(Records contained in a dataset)
━━━━━━
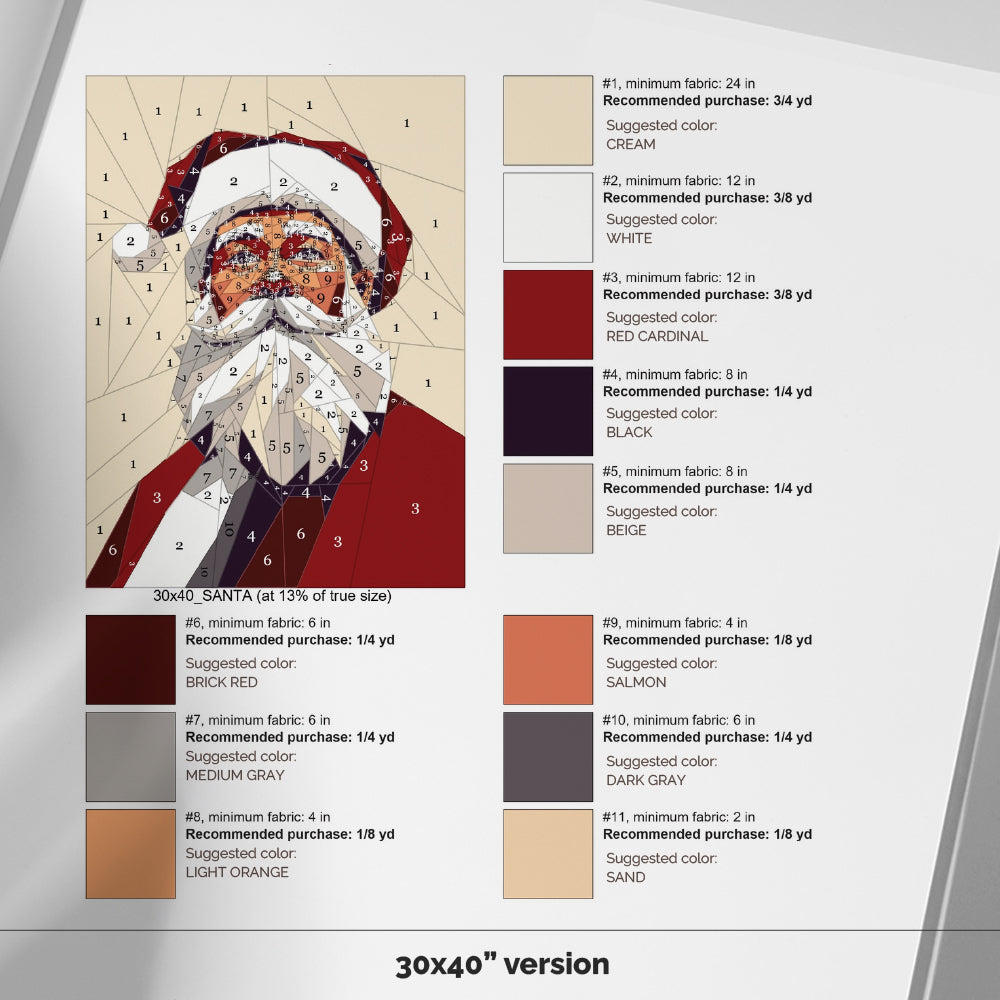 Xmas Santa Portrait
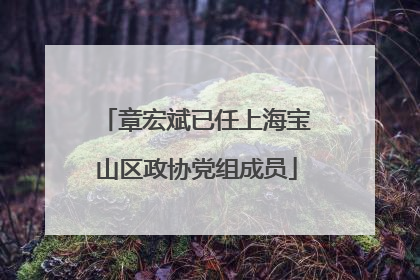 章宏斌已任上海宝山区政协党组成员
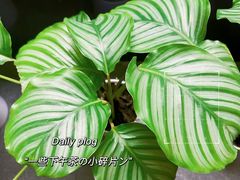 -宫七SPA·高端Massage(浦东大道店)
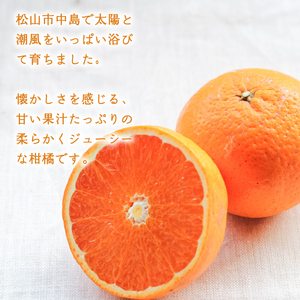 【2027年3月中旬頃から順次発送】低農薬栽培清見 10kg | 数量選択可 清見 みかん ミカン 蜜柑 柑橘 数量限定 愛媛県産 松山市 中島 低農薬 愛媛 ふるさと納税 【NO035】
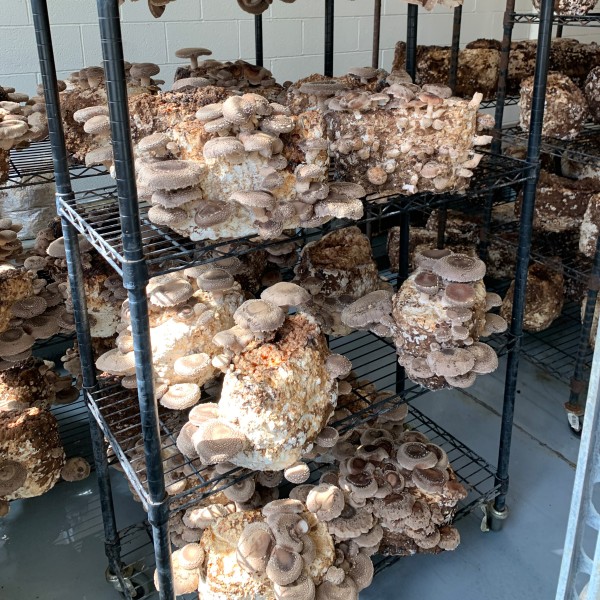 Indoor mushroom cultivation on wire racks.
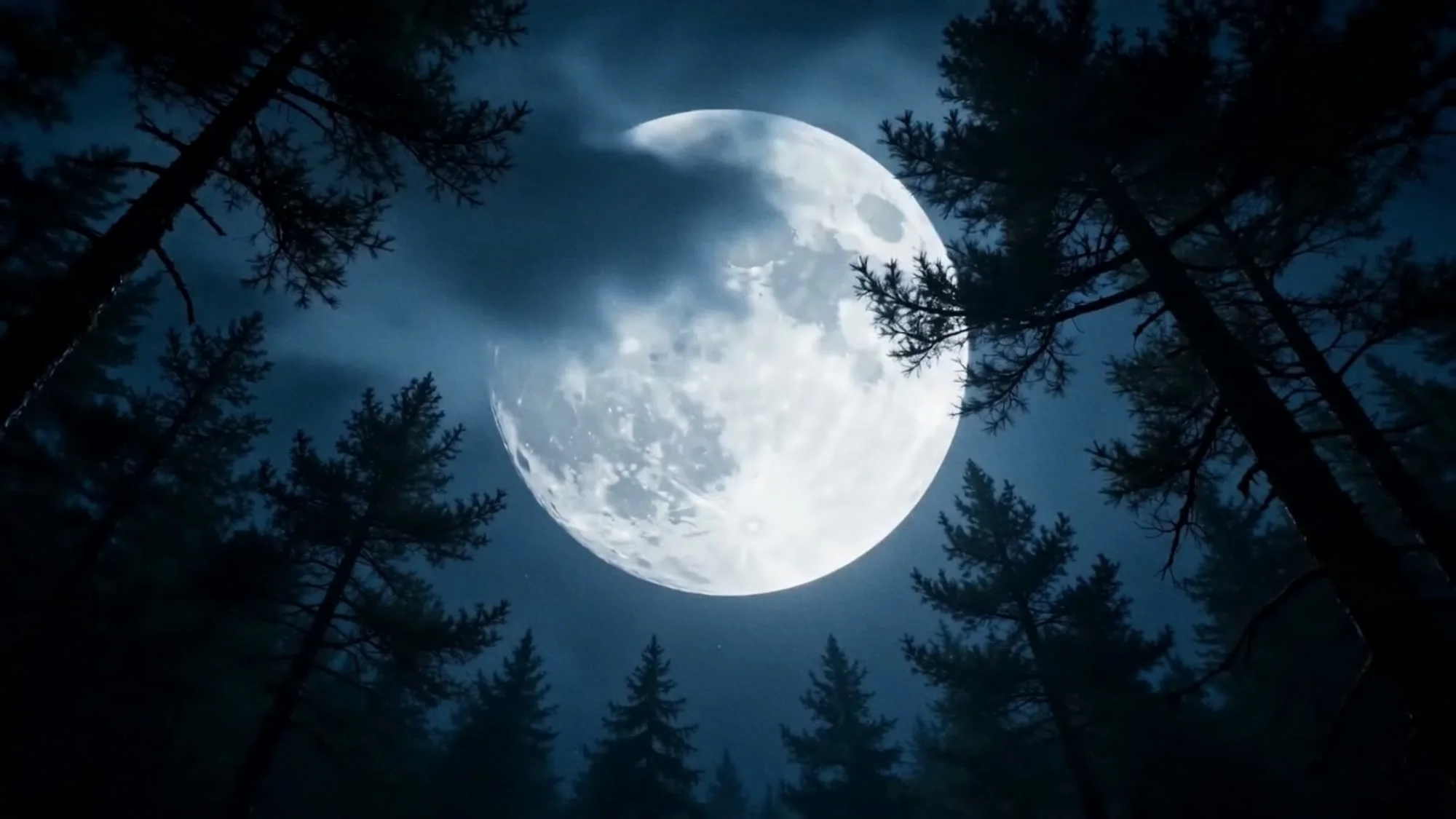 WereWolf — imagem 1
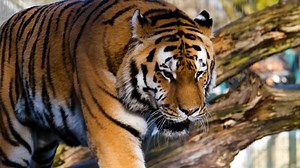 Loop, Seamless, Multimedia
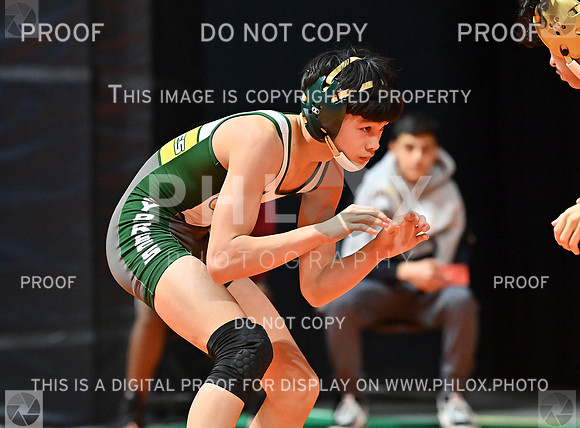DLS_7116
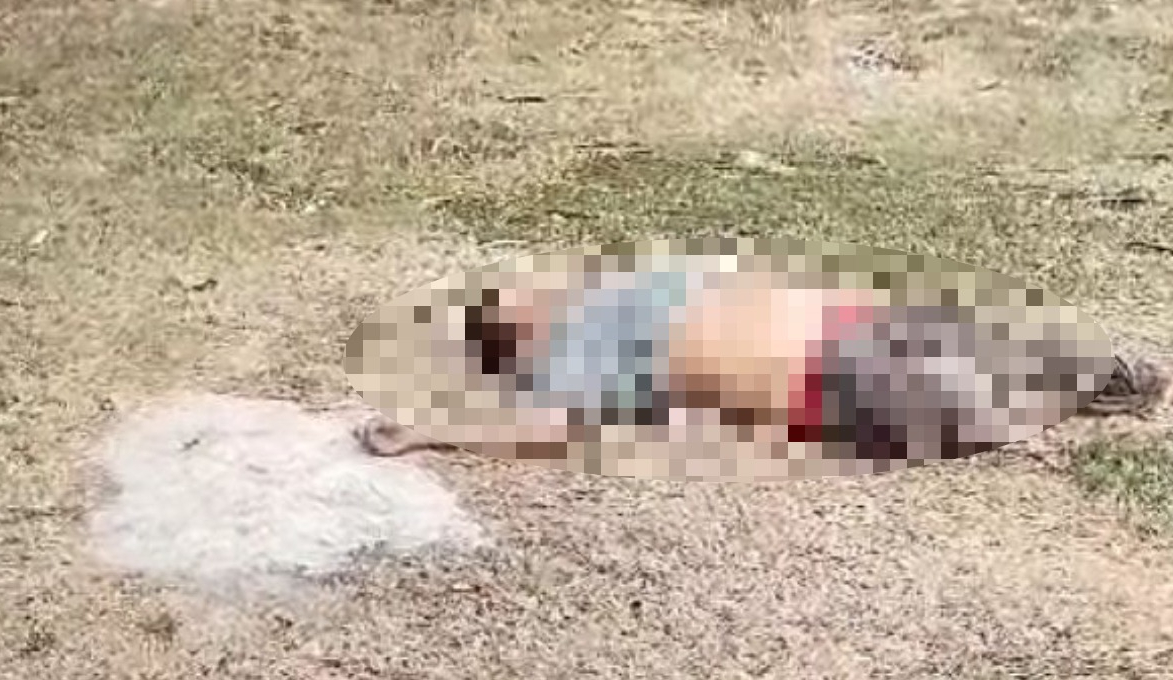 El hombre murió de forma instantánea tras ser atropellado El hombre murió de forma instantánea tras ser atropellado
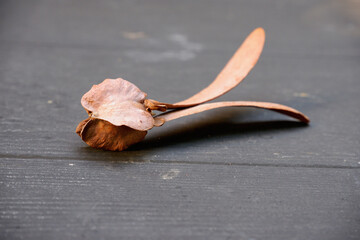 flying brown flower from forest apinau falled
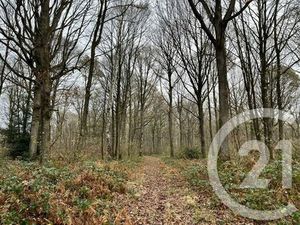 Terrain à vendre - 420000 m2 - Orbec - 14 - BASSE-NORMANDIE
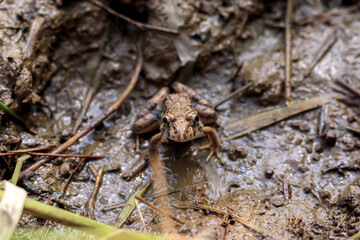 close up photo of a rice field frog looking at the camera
━━━━━━
- [BRIEF]
Write the entries above out again exactly, omitting each image.

- [ANSWER TO THE PROBLEM]
 Xmas Santa Portrait
 章宏斌已任上海宝山区政协党组成员
 -宫七SPA·高端Massage(浦东大道店)
 【2027年3月中旬頃から順次発送】低農薬栽培清見 10kg | 数量選択可 清見 みかん ミカン 蜜柑 柑橘 数量限定 愛媛県産 松山市 中島 低農薬 愛媛 ふるさと納税 【NO035】
 Indoor mushroom cultivation on wire racks.
 WereWolf — imagem 1
 Loop, Seamless, Multimedia
DLS_7116
 El hombre murió de forma instantánea tras ser atropellado El hombre murió de forma instantánea tras ser atropellado
 flying brown flower from forest apinau falled
 Terrain à vendre - 420000 m2 - Orbec - 14 - BASSE-NORMANDIE
 close up photo of a rice field frog looking at the camera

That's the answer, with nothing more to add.